ビットコイン投資の利益を公共事業に

 ビットコインに魅了されているのは投資家や企業だけではありません。国レベルでも、ビットコインの恩恵を受けようという動きが出てきています。

 2021年、最も注目されたのは、中米エルサルバドルによるビットコインの法定通貨としての採用でしょう。エルサルバドルのブケレ大統領は、ビットコイン価格が下がるたびに押し目買いをして、国として保有するビットコインの保有量を増やしています。こうしたビットコイン投資のリターンは学校建設などを通じて国民に還元されています。

 エルサルバドル以外にも、ウクライナやブルガリアなどビットコインを保有する国は存在しており、ビットコイン供給量の上限である2100万BTCの1.25%を占めています。

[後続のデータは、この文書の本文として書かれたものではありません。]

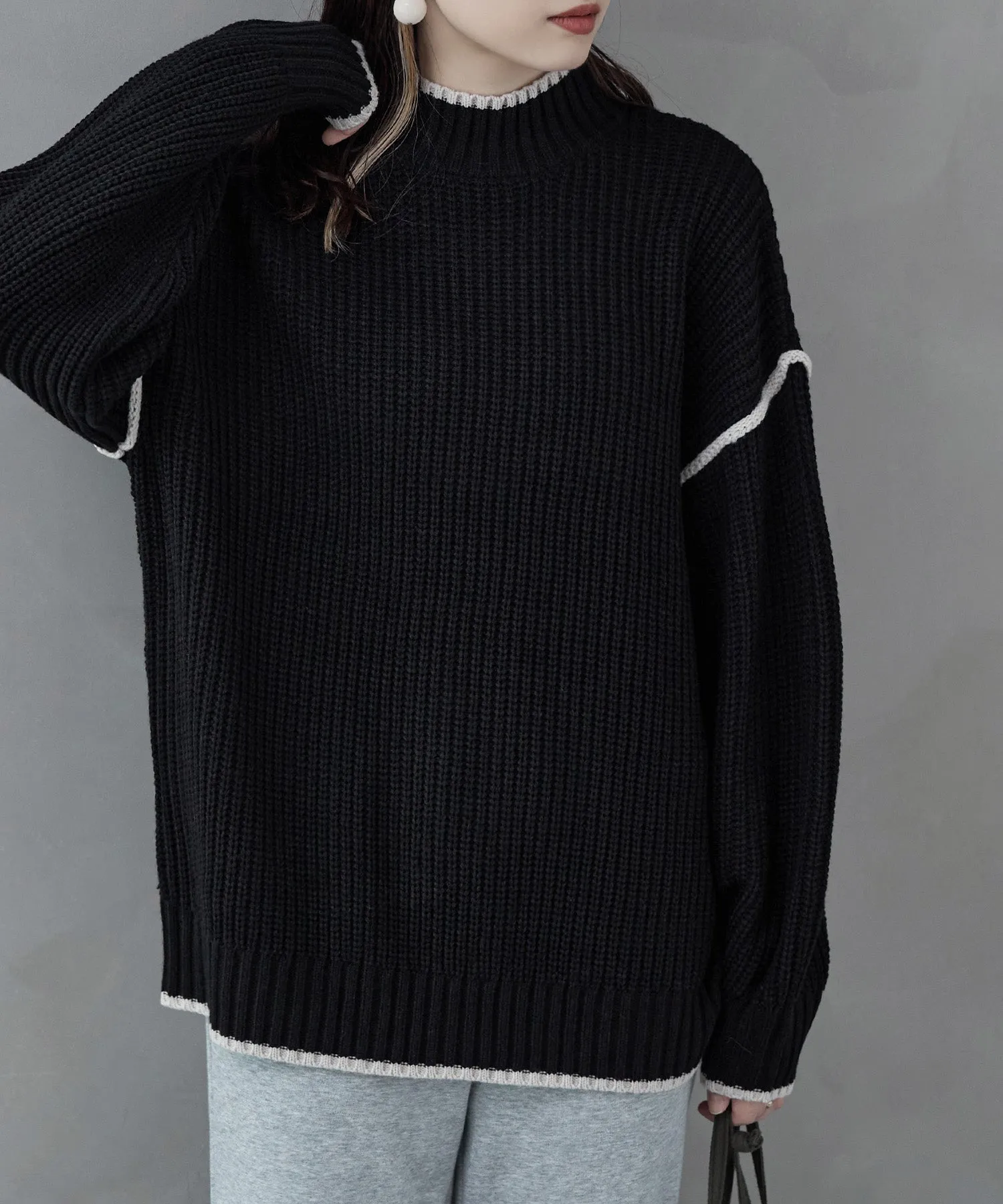 Bicolor line mockneck knit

ビットコインに触手を伸ばし始めたウォール街の巨人たち、機関投資家の参入相次ぐ

 法定通貨が安定している先進国においては、国がビットコインを保有するというイメージができないかもしれません。しかし高いインフレに頭を悩ませる新興国は、ビットコインへの注目度が高いのです。2022年、ビットコインに頼らざるを得なくなる国が増えるかどうか、注目しています。

 一方、米国政府のビットコインに対する姿勢は不透明ですが、米国ではマイアミとニューヨークという大都市で受け入れ体制が整い始めています。

マイアミ
2020年12月 フランシス・スアレス市長が市の財務資産の1%をビットコインにすることを検討
2021年1月 スアレス市長が「マイアミ市を暗号資産イノベーションのハブ」にすると強調
2021年3月 スアレス市長がビットコインマイニング業者の積極的な誘致を検討
2021年8月 マイアミ市がインフラやイベントへの資金調達手段として独自暗号資産MiamiCoinを立ち上げ
2021年10月 市の職員へのビットコインでの給料支払いの許可を検討

ニューヨーク
2021年11月 ビットコインに友好的なエリック・アダムス候補がニューヨーク市長選で勝利
2021年11月 アダムス市長、市長として最初の3カ月の給与をビットコインで受け取ると宣言
2021年11月 アダムス市長、ニューヨーク市を暗号資産業界の中心にすると宣言
2021年11月 ニューヨークシティコイン(NYC Coin)が始動

 2022年1月3日、ビットコイン誕生から13年の月日がたちました。未成熟な業界であることは確かであり、詐欺行為やハッキングには常に気をつけなければいけません。ただ上記の通り、米国ではプロの投資家や大手企業、大都市が大きく暗号資産に対する見方を変えてきています。さらにエルサルバドルやウクライナ、ブルガリアのように、国家レベルでビットコインを保有する動きも出てきています。これ以上後れを取らないためにも、日本は長い眠りから目覚める必要があるでしょう。